International
Rechtspolitiker besorgt über EU-Strafrechtspläne

Die Pläne der EU-Kommission, strafrechtliche Durchsuchungen und Beschlagnahmen im EU-Ausland zu erleichtern, alarmieren die Rechtspolitiker im Bundestag: Ein entsprechender Beschlussenwurf aus Brüssel drohe erhebliche Lücken in die Rechte der Beschuldigten zu reißen, heißt es in einem Entwurf zu einem fraktionsübergreifenden Entschluss des Bundestages, der dem Handelsblatt (Donnerstagausgabe) vorliegt.

BERLIN. Gegen unberechtigte Durchsuchungen und Beschlagnahmen auf dieser Grundlage könne man sich dann faktisch vielfach nur noch sehr schwer wehren, warnen die Parlamentarier.

Nach dem Willen der EU-Kommission sollen künftig Strafverfolger die Beschlagnahme von Schriftstücken und Daten europaweit anordnen können. Die Behörden anderer EU-Mitgliedsstaaten sind dann in den meisten Fällen verpflichtet, diese Anordnung durchzuführen, ohne die Strafbarkeit nach eigenem Recht zu prüfen.
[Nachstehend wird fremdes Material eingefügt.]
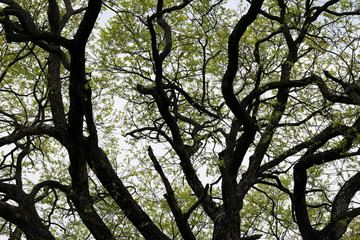 Fototapeta na wymiar 버드나무가 보이는 아름다운 봄풍경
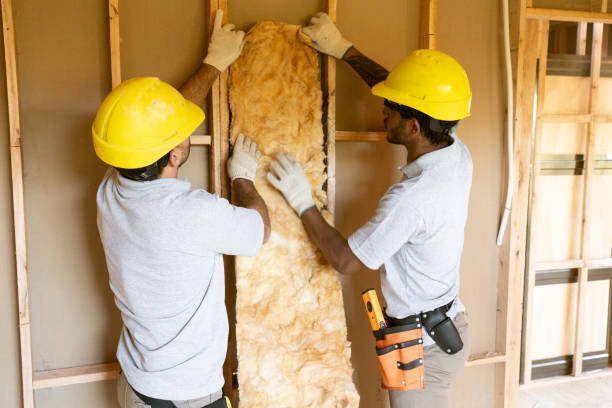 Trusted Riverside, IA Insulation Contractor Experts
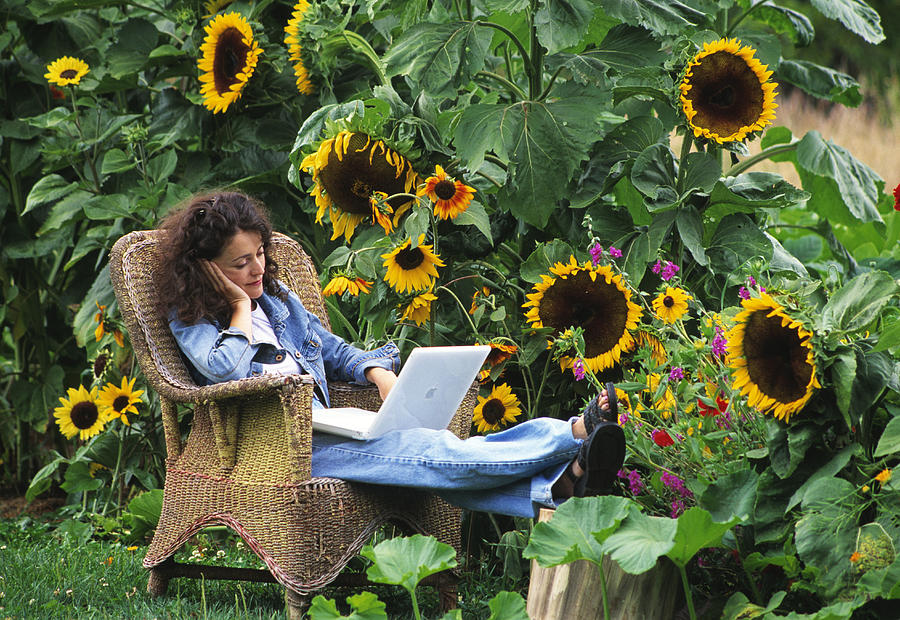Woman Uses Laptop Outdoors #1 Photograph by David Nunuk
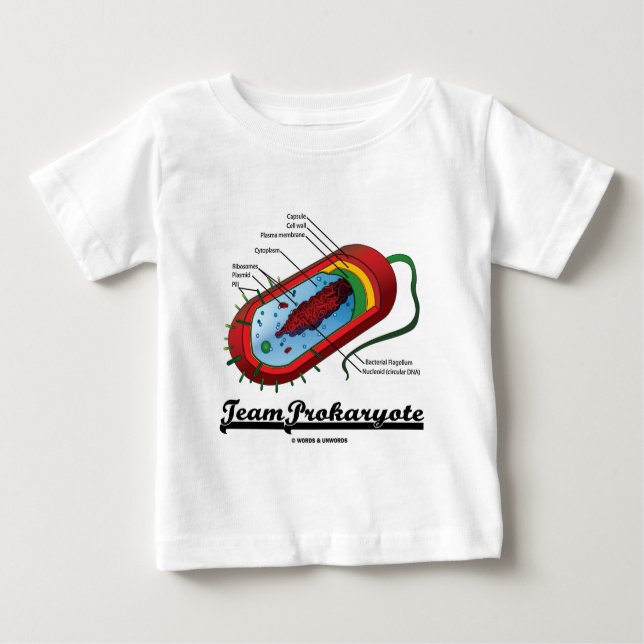 Camiseta Para Bebê Prokaryote da equipe (bactérias) (Frente)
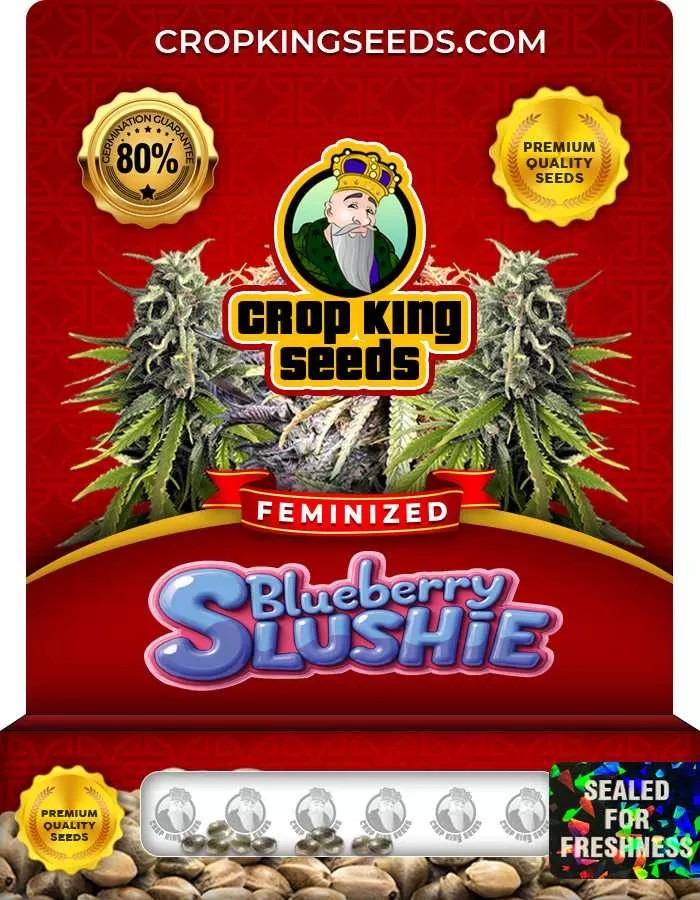 Blueberry Slushie Feminized Seeds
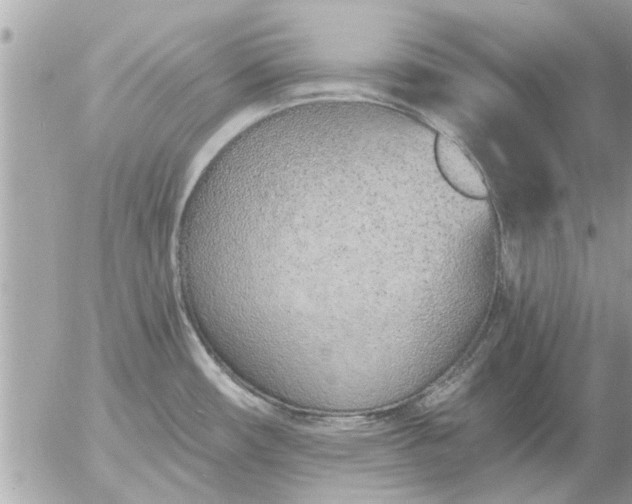 X0000055521482200508262153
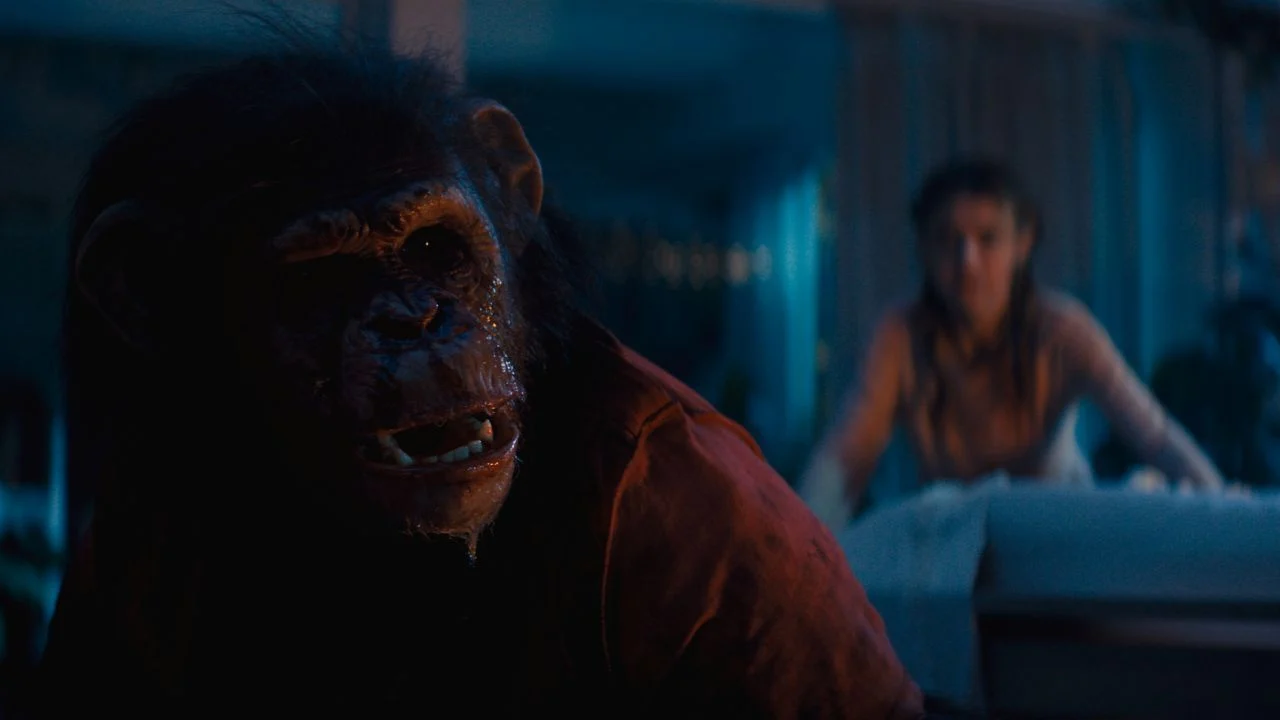 Luckily, monkey Ben is afraid of water: Lucy (Johnny Sequoyah) and her guests are no longer safe anywhere outside the pool!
Das kann für die Beschuldigten böse Folgen haben, sagte Jerzy Montag, rechtspolitischer Sprecher der Grünen-Fraktion, dem Handelsblatt. "Angenommen, ein Amtsrichter aus Nordfinnland ermittelt in einem Cyberkriminalitäts-Fall", schildert Montag ein mögliches Szenario. "Er meint, dass in einem Büro in München Beweismittel liegen könnten und ordnet eine Durchsuchung an. Dann läuft die Maschine ohne jede juristische Prüfung in Deutschland an. Am nächsten Tag erscheint die Polizei, räumt sämtliche Unterlagen aus, packt sie in Kisten und schickt sie an den Polarkreis." Der Betroffene könne dann zwar Rechtsmittel einlegen - aber das sei reine Theorie, so Montag: "Das muss er bei dem Amtsgericht am Polarkreis tun, nach dortigem Recht, das er nicht kennt, in der dortigen Sprache die er nicht beherrscht." Im Grunde müsse er zuerst ein Gutachten beim Max-Planck-Institut für internationales Strafrecht einholen, um sich überhaupt über seine Rechte klar werden zu können.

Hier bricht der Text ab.